Record extracts =>
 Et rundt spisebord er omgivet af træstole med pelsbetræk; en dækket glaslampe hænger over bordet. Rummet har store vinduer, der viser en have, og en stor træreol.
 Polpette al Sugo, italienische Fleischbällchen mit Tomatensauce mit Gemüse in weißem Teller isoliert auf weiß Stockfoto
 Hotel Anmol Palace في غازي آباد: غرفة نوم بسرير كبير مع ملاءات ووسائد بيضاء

* * *

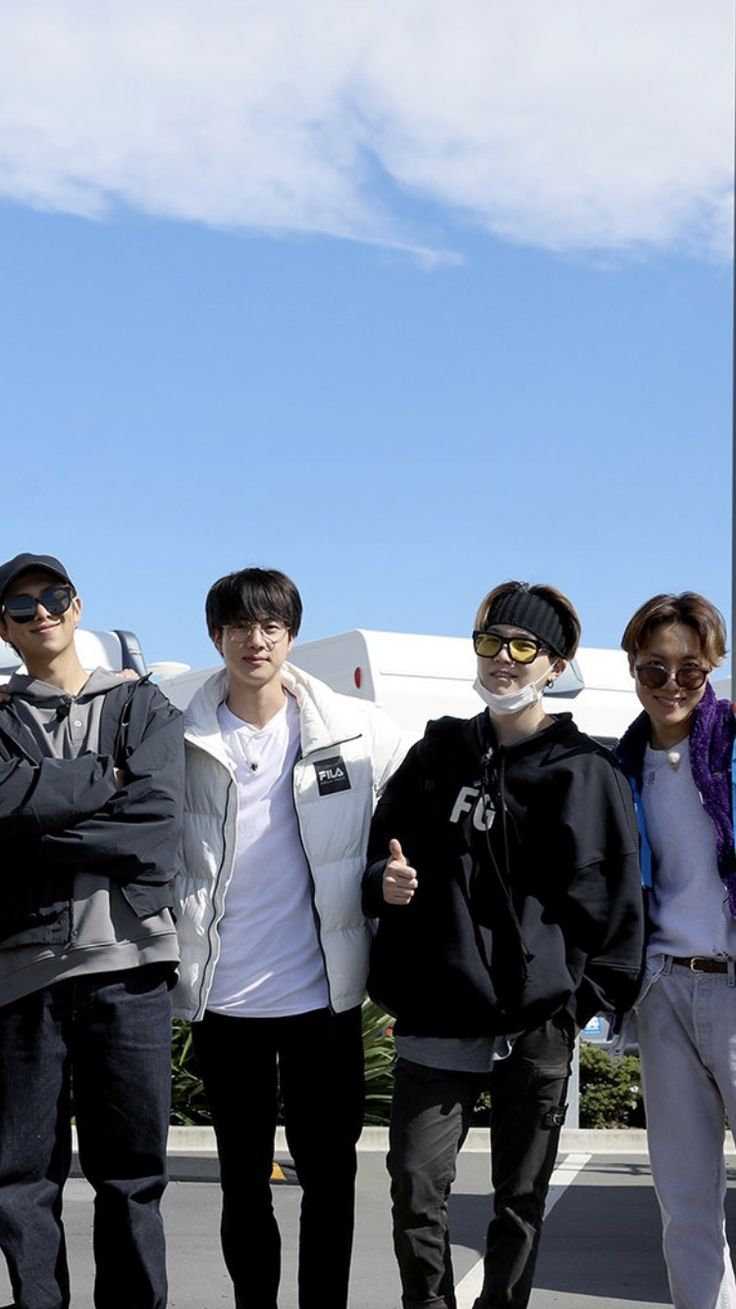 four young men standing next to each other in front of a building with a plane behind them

Your assignment => Scan the listing above for the line that has "Et rundt spisebord", then copy exactly from that line through the line that has "Hotel Anmol Palace".

Task solution =>
 Et rundt spisebord er omgivet af træstole med pelsbetræk; en dækket glaslampe hænger over bordet. Rummet har store vinduer, der viser en have, og en stor træreol.
 Polpette al Sugo, italienische Fleischbällchen mit Tomatensauce mit Gemüse in weißem Teller isoliert auf weiß Stockfoto
 Hotel Anmol Palace في غازي آباد: غرفة نوم بسرير كبير مع ملاءات ووسائد بيضاء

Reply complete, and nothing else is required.